### Your task
Output the records exactly as they appear, with no pictures included.
* * * * * * *
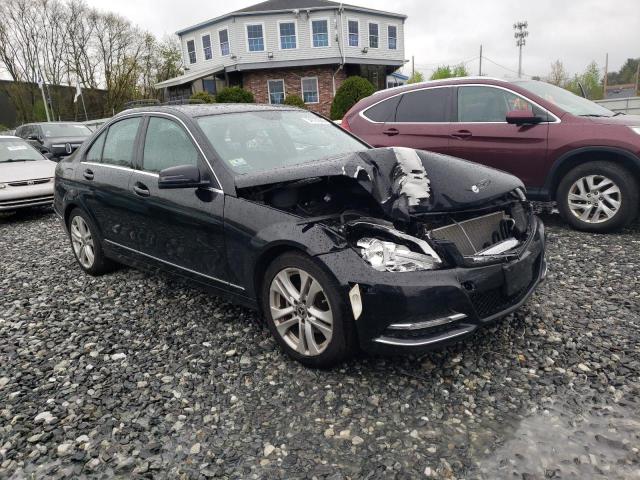 Vin: wddgf8bb1ca602632, lot: 54127885, mercedes-benz c-class 300 4matic 20124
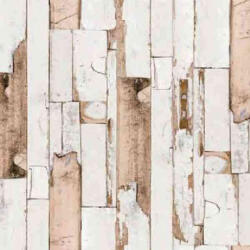 Dekor Tapéta - Kopott Fa - Öntapadós - 90cm x 15m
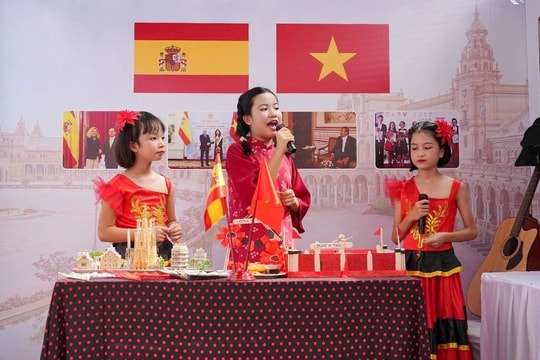 Sân chơi "Thiếu nhi Việt Nam - Vươn ra thế giới" diễn ra từ tháng 3 - 8/2025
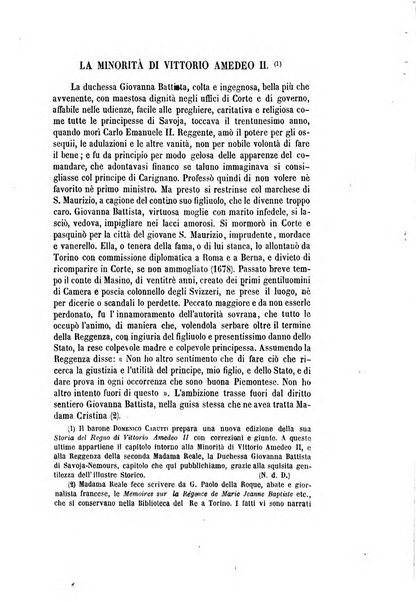 La rassegna nazionale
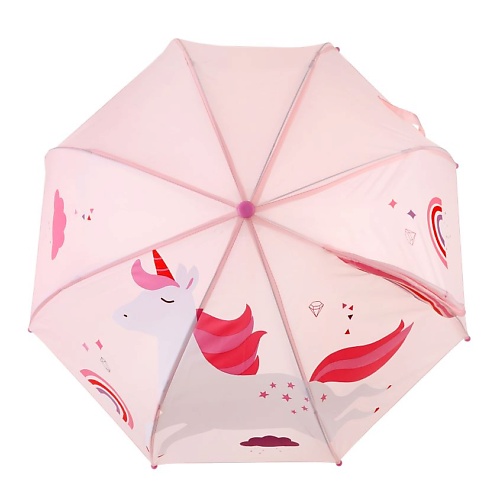 MARY POPPINS Зонт детский Радужный единорог playtoday зонт трость полуавтоматический для девочек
* * * * * * *
### Solution to this problem
 Vin: wddgf8bb1ca602632, lot: 54127885, mercedes-benz c-class 300 4matic 20124
 Dekor Tapéta - Kopott Fa - Öntapadós - 90cm x 15m
 Sân chơi "Thiếu nhi Việt Nam - Vươn ra thế giới" diễn ra từ tháng 3 - 8/2025
 La rassegna nazionale
 MARY POPPINS Зонт детский Радужный единорог playtoday зонт трость полуавтоматический для девочек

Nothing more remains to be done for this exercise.